Greenpeace Esperanza
Greenpeace claims its Esperanza ship forced Norway to abandon oil testing in Barents Sea Nick Cobbing / Greenpeace

A department of the Norwegian government has halted seismic testing in the Barents Sea, with environmentalists claiming the move as a victory for their campaign.

Greenpeace claims to have "exposed the testing programme", which mark the early stages of oil exploration, on Norwegian television on 17 August.

On Wednesday, the NGO's Esperanza ship caught up with the Norwegian Petroleum Directorate (NPD)'s Artemis Atlantic research vessel, after "chasing it" and "forcing it to change course".

Research from the Pew Institute shows that marine animals which depend on sound to navigate and feed "are incredibly vulnerable" to the noise pollution that stems from seismic testing, "in extreme cases it could cause physical damage or severe disorientation that can lead to stranding and death".

Having initially set out to test up to 7,000km of disputed territory (it is also claimed by Russia among other countries), the Artemis Atlantic retired after covering 5,600km. The operation was due to end on 15 September but finished almost one month early.

The official line from the NPD was that its decision to finish early had nothing to do with Greenpeace.

"That is not true," spokesperson for the directorate Eldbjørg Vaage Melberg told IBTimes UK. "It's got to do with the fact that we finished our programme far ahead of the timeframe we had. We had excellent weather this summer so the acquisition has been more efficient than expected. In addition, we had used our budget."

Greenpeace, on the other hand, argues that the coincidence was unlikely.

Commenting on the claims about excellent weather, Greenpeace spokesperson for Arctic ship tour, Juha Aromaa told IBTimes UK: "We only compare to the original plans that the directorate had for the programme. They left the northern-most area they were allowed to test untested. At least compared to the permission they had for seismic testing, they didn't do it in the whole area.

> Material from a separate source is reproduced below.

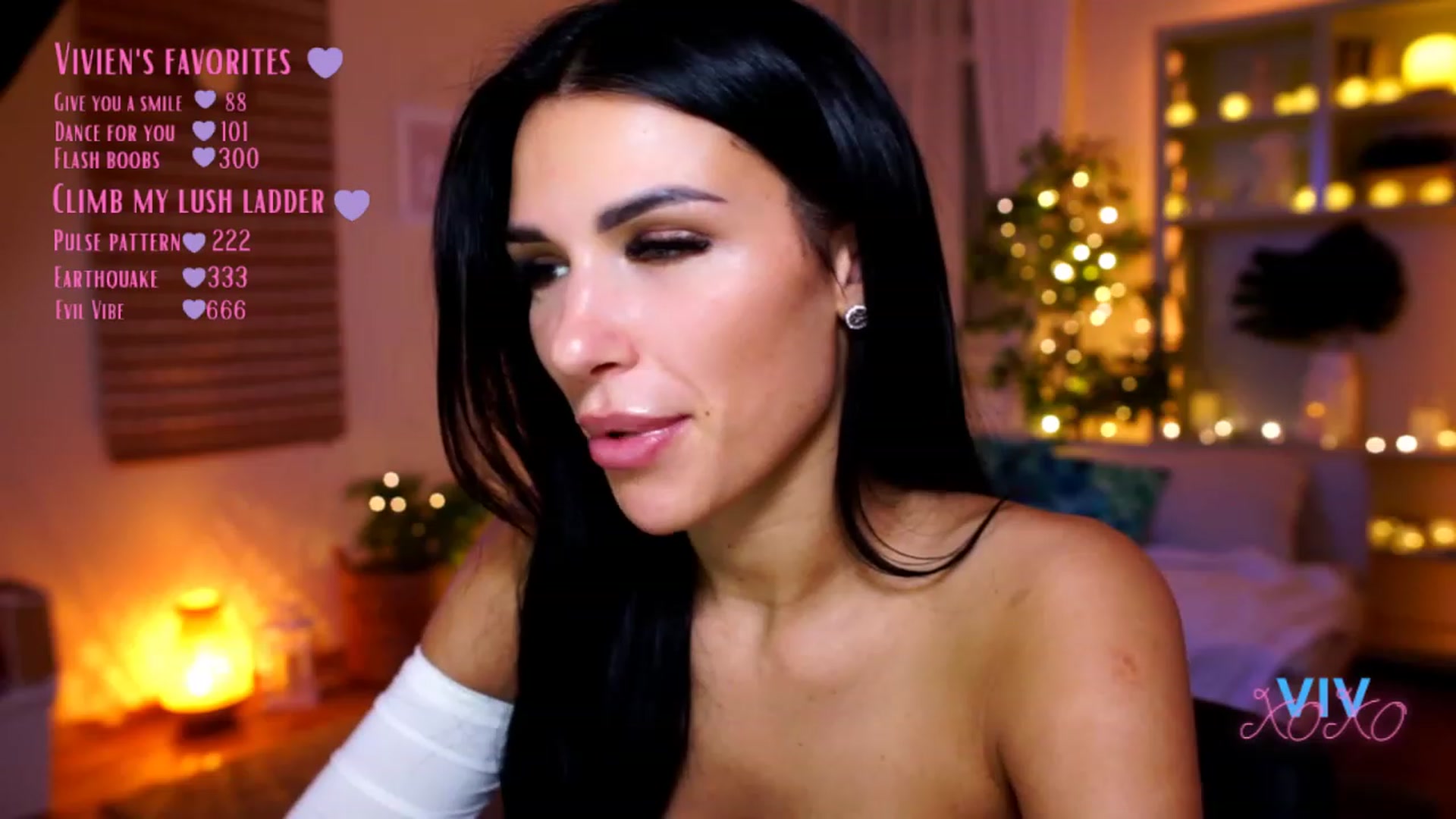 Gallery image thumbnail from kerelai's myfreecams stream on, 01/06/2023, 21:23 image 10 of 20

"On Sunday TV2 revealed the seismic testing programme. We'd been in touch and were involved in making it public. It's been a controversial topic in Norway and we believe the public concern which broke out from Sunday has been a factor in finishing the programme."

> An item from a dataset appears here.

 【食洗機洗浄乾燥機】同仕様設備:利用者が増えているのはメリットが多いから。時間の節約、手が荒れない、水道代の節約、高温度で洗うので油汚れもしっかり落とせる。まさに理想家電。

The seismic testing programme has caused some consternation in Norway. Opposition has come from the Norwegian Liberal Party and the Christian Democratic Party, with many claiming it contravened a government declaration which states that "petroleum activity shall not occur near the ice edge".

"Greenpeace believes the icy waters of the Arctic are far too vulnerable for oil activities, and are calling on Norway as well as other governments of the world to refrain from exploiting these costly resources, that the world cannot afford to burn if we are to avoid dangerous climate change," read a statement on the Greenpeace website.

The NPD said it had "no plans" to conduct more seismic testing but "that may change". It explained that typically, news of its activity appears on its website "five weeks" ahead of scheduled testing.

Earlier this week, Russia's state-owned oil giant Rosneft and Statoil of Norway began exploring for oil in the Barents Sea, despite the ongoing sanctions dispute between the two countries.

Rosneft is also to begin exploration off the north of Siberia along with US company ExxonMobil, the company said.

Greenpeace said the Esperanza is still sailing in the Svalbard Peninsula, where the Artemis Atlantic was intercepted, documenting seabirds at risk from Statoil and Rosneft joint drilling programme at Bear Island.